EXERCISE PROMPT: Wherever the line that contains "MSD Ignition 6AL-2" falls, repeat it and the lines after it exactly until the records end, without any pictures.

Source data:
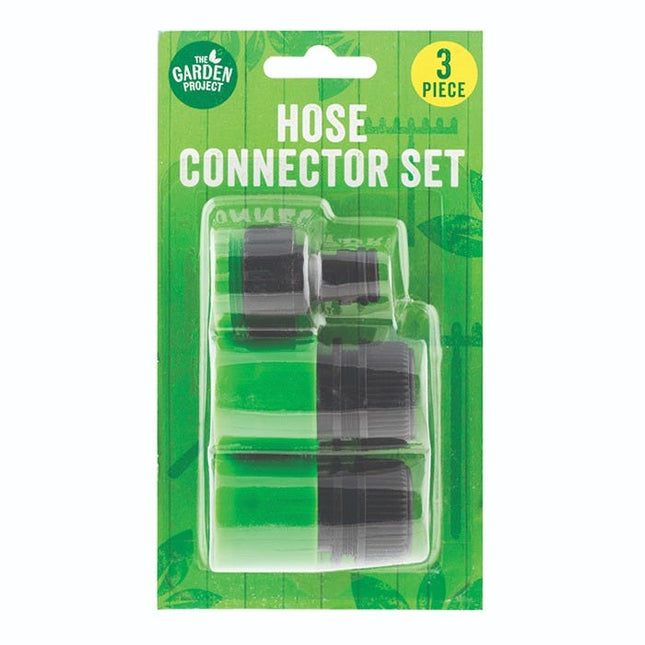 hose connector 3 pack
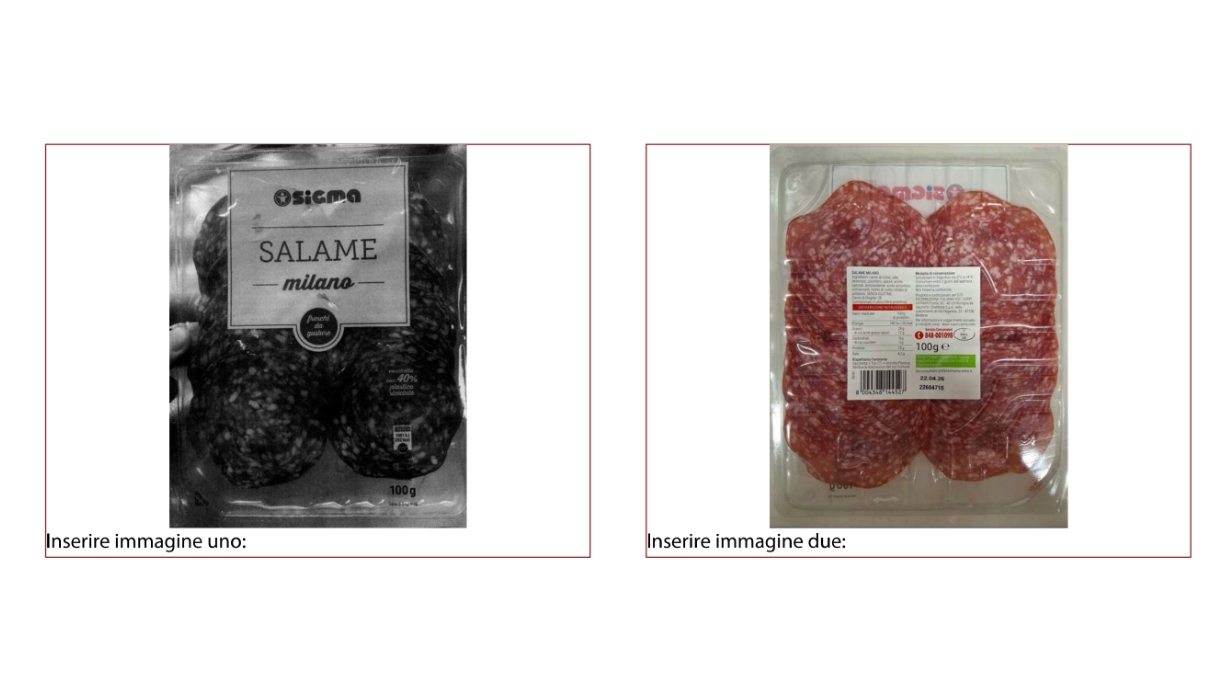 Il salame Milano a marchio Sigma oggetto di richiamo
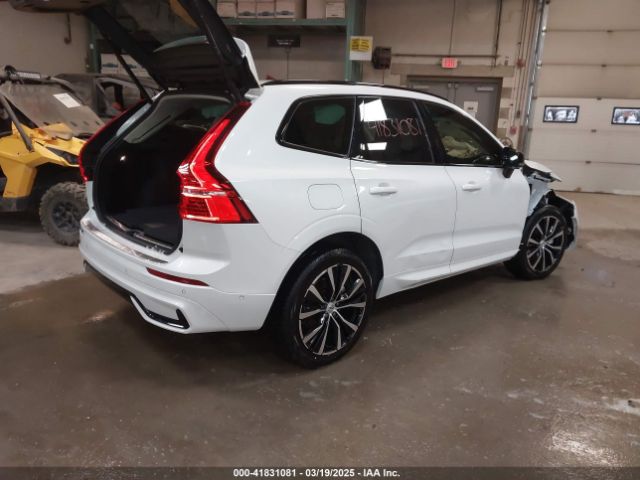 2025 VOLVO XC60 YV4M12RCXS1032908 Photo 3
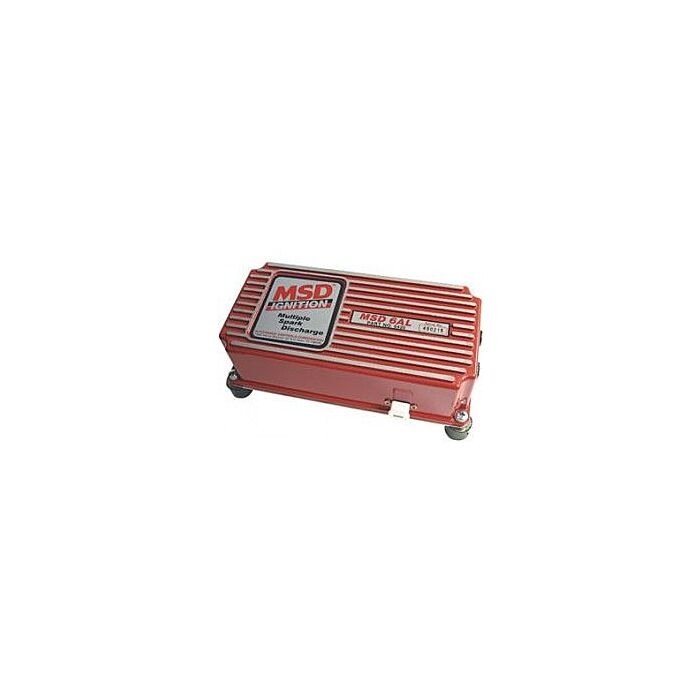 MSD Ignition 6AL-2 Ignition Control With 2-Step Rev Control (universal) | MSD-6421 | A4H-TECH.COM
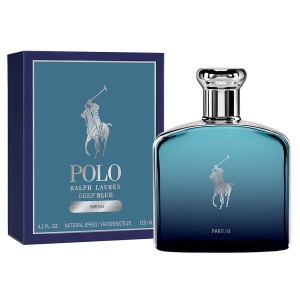 عطر مردانه پولو رالف لورن دیپ بلو پرفیوم 125 میل - Polo Ralph Lauren Deep Blue Parfum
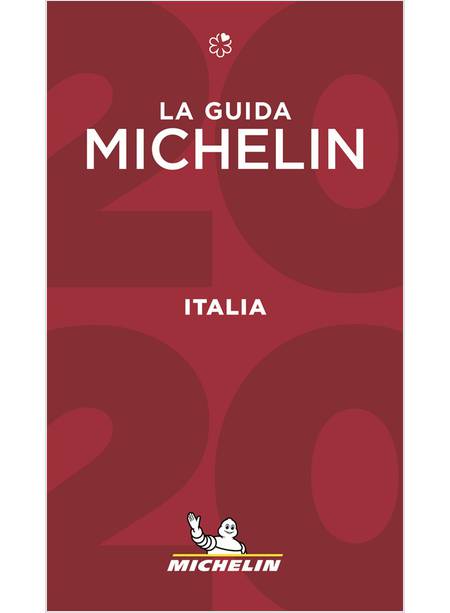 LA GUIDA MICHELIN ITALIA 2020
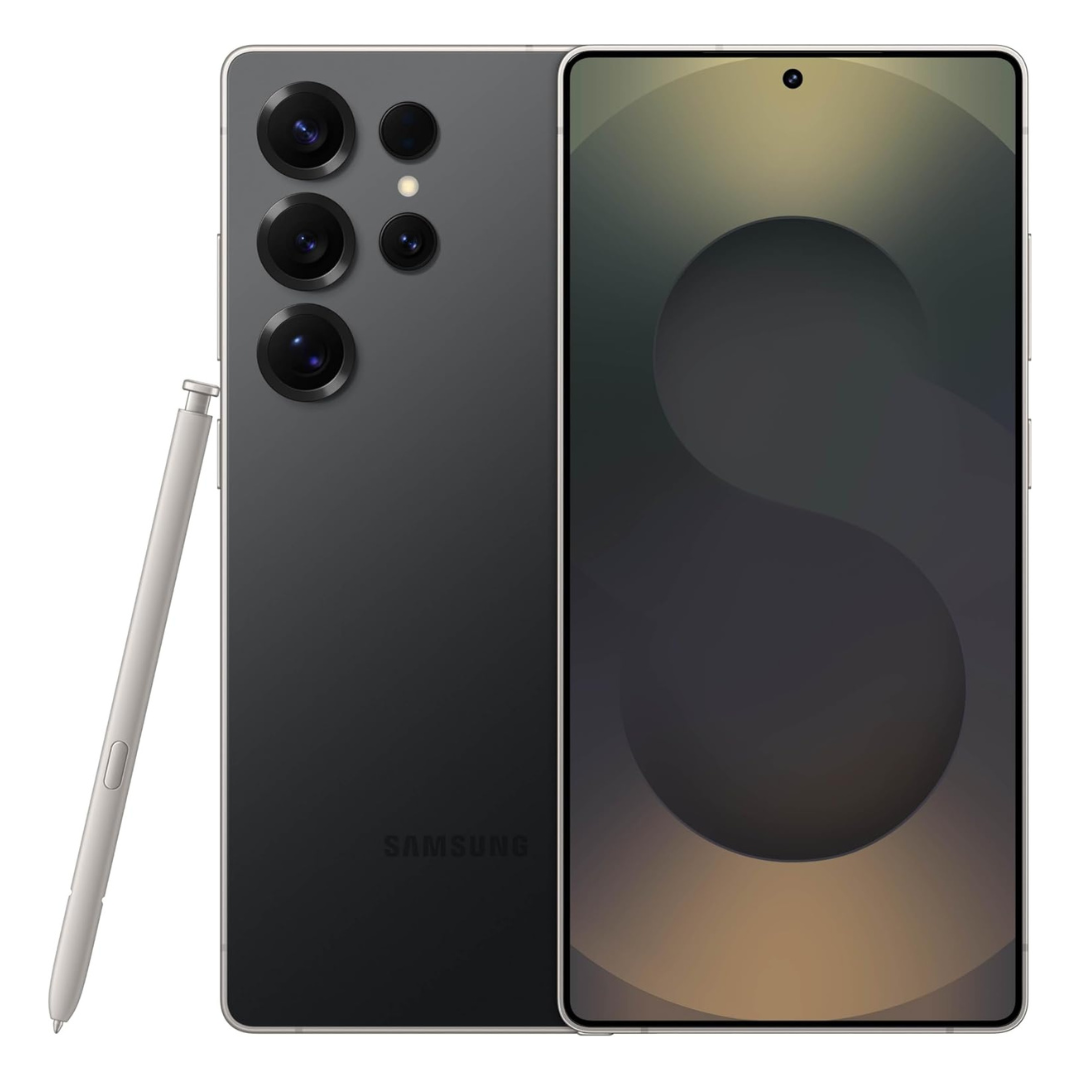 Samsung Galaxy S25 Ultra 6.9" 512GB 5G Unlocked Smartphone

EXERCISE SOLUTION:
 MSD Ignition 6AL-2 Ignition Control With 2-Step Rev Control (universal) | MSD-6421 | A4H-TECH.COM
 عطر مردانه پولو رالف لورن دیپ بلو پرفیوم 125 میل - Polo Ralph Lauren Deep Blue Parfum
 LA GUIDA MICHELIN ITALIA 2020
 Samsung Galaxy S25 Ultra 6.9" 512GB 5G Unlocked Smartphone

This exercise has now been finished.